Yoga, Qi Gong, and Timber Framing…

Timbers are heavy.
They have taught me the importance of a healthy back, hips, and knees.
If the back is weak, the hips and knees can injure.
If the hips are closed and the hamstrings are tight, the back will injure.
Flexibility and Strength is key to working with heavy objects.
Strength alone will eventually break without Flexibility.
To keep flexible and strong one must stretch and exercise
muscles, ligaments and tendons.
Groups of people around the world have mastered this concept.
Yoga and Qi Gong are two of these groups.
Yoga simply means to ‘yolk’ or join body and mind harmoniously.
When body and mind are flexible and working together,
One is strong and does not break easily.
Injury is avoided.
Qi Gong simply means to practice the flow of energy.
Energy can collide or flow with its surroundings.
Flow with internal and external energy,
the path of least resistance is achieved.
This is the ultimate strength.
Balance of mind and body.

The job of the timber framer is to join timbers harmoniously, using the path of least resistance. Before timber framing I was an athlete and a student. Whatever sport I did, my coaches had me stretch and warm up my body. If I didn’t do this, I inevitably pulled a muscle or strained a ligament or tendon.
As I don’t play organized sport anymore, I no longer have coaches encouraging me to stretch. As I have aged I have found my body to become less flexible.
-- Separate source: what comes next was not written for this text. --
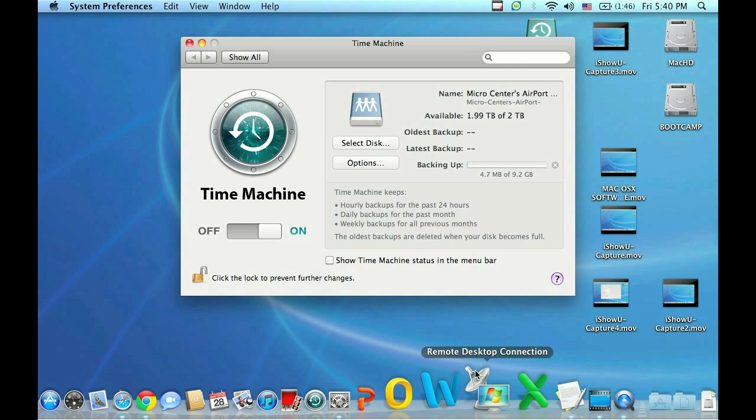So once you have this connected, it will automatically back up your information for you. So that's how to set up a Time Capsule backup on your Mac.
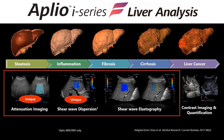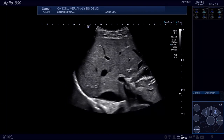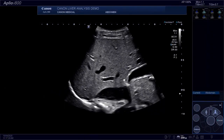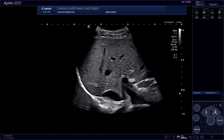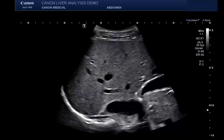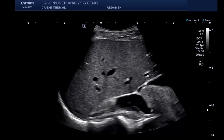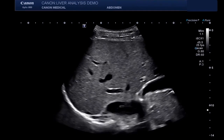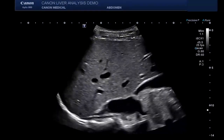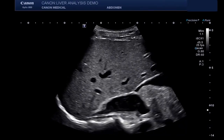Let's move to the Aplio i800 system and look at some live scanning. While scanning today, Tammy will be using an ultra-wideband matrix array transducer, the i8-CX1. This transducer utilizes Canon's intelligent Dynamic Microslice, or IDMS matrix technology, to control the firing of individual transducer elements in the lens direction, which creates a thin sliced beam giving great detail from skin line to the far field.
It was a serious back injury that has finally lead me back to stretching and bringing flexibility back into my life. Oddly enough it was the WCB (Workman Compensations Board) appointed physiologist that encouraged me to buy a yoga video called ‘Yoga for Athletes’ by Rodney Yee.

I discovered Yoga in university. Yoga is basically a comprehensive system of stretching that involves the body, mind and breath. It has greatly increased the quality of my life. As I work in this industry of joining heavy timbers I notice many injuries to myself and others that can be avoided by this daily practice.

One basic healing quality I have found to be highly beneficial to my body is in the ‘asanas’ or postures. For example, there are many postures for the back and hips that put the body into a particular position that allow fresh blood to circulate around the vertebrae and hip sockets. As we stand, walk, sit and lie down our vertebrae and hip sockets find themselves in continuous positions that forbid circulation to particular areas. In tai chi this is known as ‘stagnant chi’. By involving the breath and breathing a minimum of 3 deep breaths, Yoga postures/’asanas’ and qi gong or tai chi  ‘forms’ allow freshly oxygenated blood to penetrate otherwise stagnant areas.